**Input material:**
<<<<

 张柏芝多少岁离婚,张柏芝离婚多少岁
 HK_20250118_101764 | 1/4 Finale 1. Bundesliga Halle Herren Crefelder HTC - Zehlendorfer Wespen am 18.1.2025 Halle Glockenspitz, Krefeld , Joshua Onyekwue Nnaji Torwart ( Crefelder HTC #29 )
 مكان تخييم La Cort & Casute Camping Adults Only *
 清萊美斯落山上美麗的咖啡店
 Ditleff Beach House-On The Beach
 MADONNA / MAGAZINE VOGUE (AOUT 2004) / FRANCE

>>>>

**Exercise details:**
Every entry above should be transcribed exactly and in full.

**Result of this task:**
 张柏芝多少岁离婚,张柏芝离婚多少岁
 HK_20250118_101764 | 1/4 Finale 1. Bundesliga Halle Herren Crefelder HTC - Zehlendorfer Wespen am 18.1.2025 Halle Glockenspitz, Krefeld , Joshua Onyekwue Nnaji Torwart ( Crefelder HTC #29 )
 مكان تخييم La Cort & Casute Camping Adults Only *
 清萊美斯落山上美麗的咖啡店
 Ditleff Beach House-On The Beach
 MADONNA / MAGAZINE VOGUE (AOUT 2004) / FRANCE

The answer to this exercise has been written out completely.